While the historical backdrop is important, but it merely provides the framework for what Bainbridge does most brilliantly, and that is to grant the reader multiple viewpoints on the same events through the eyes of several key characters. The result is that one comes away with a fuller understanding of the story than do any of the characters, while at the same time gaining insight into the pervasive effect of subjectivity in interpreting one's life. None of Bainbridge's characters, no matter how brilliant or how practical, escapes influence of their subjective interpretations of events. To some degree, even the reader is implicated, because the revelations of these varying interpretations come about by degrees, so we are spared a tedious omniscient narrator's view of the characters and events. Bainbridge's doubled and sometimes tripled views of events emerge slowly over the course of the novel, and the insights are all the more rewarding for the delay and the reliance on the reader's memory to fill in the gaps.

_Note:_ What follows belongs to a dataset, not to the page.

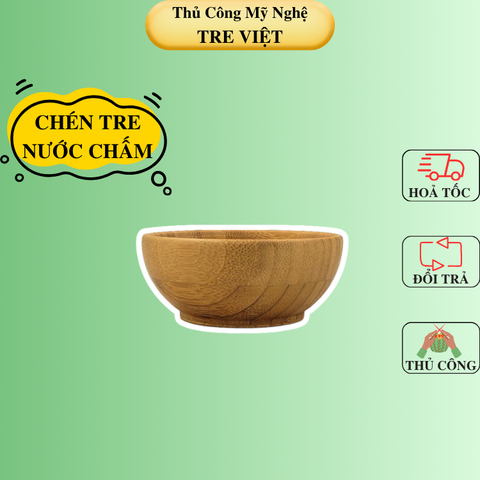 Bát tre đựng nước chấm - Chén nước chấm bằng tre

The plot of the book is much less important than the manner in which events unfold. In short, the novel covers primarily the twenty-year period in which Samuel Johnson was an intimate friend of Henry and Hester Thrale's. But as Bainbridge is a psychological novelist masquerading as a historical novelist, the real story takes place in the characters' relating to one another and revealing the passions, desires, and fears that drive them."
"So this is everything you want to know about Samuel Johnson and more. The research is meticulous - things I thought were fictitious turned out to be based solidly in fact. The novel took me into an era I knew only in the vaguest terms."